Oh really? I thought the MicroSD was flashed because in the shop you only get the option when you pick a card.


----------



## tk_saturn (Nov 1, 2010)

As I recall, if you choose the Premium Flashing Service without a MicroSD card it costs $1 and the flash the Acekard for DSi firmware 1.4.1

If you add a MicroSD card at the same time, the Premium Flashing Service costs $2. In this case in addition to flashing the Acekard they will set AKAIO up on the MicroSD card.

edit: Ok, so now it's $2 for the Premium Flashing Service regardless if you add a MicroSD card or not.
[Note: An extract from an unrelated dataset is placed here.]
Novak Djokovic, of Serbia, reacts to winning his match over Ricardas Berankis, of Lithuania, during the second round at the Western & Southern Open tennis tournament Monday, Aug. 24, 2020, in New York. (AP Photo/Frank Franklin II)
If You want the Premium Flashing Service without a MicroSD card, just choose 'none' as the MicroSD card.


----------



## Rydian (Nov 2, 2010)

The flashing service updates both the flash cart, and adds the latest firmware to the microsd (if you ordered with one).


----------



## Sao Mortel (Nov 3, 2010)

They packed it up a good deal of homebrew too...  you dont get an empty card its ready to go


----------



## Rydian (Nov 3, 2010)

Sao Mortel said:
			
		

> They packed it up a good deal of homebrew too...  you dont get an empty card its ready to go


Do they?
I assume they'll add moonshell, but what else?


----------



## Etalon (Nov 3, 2010)

Rydian said:
			
		

> I assume they'll add moonshell, but what else?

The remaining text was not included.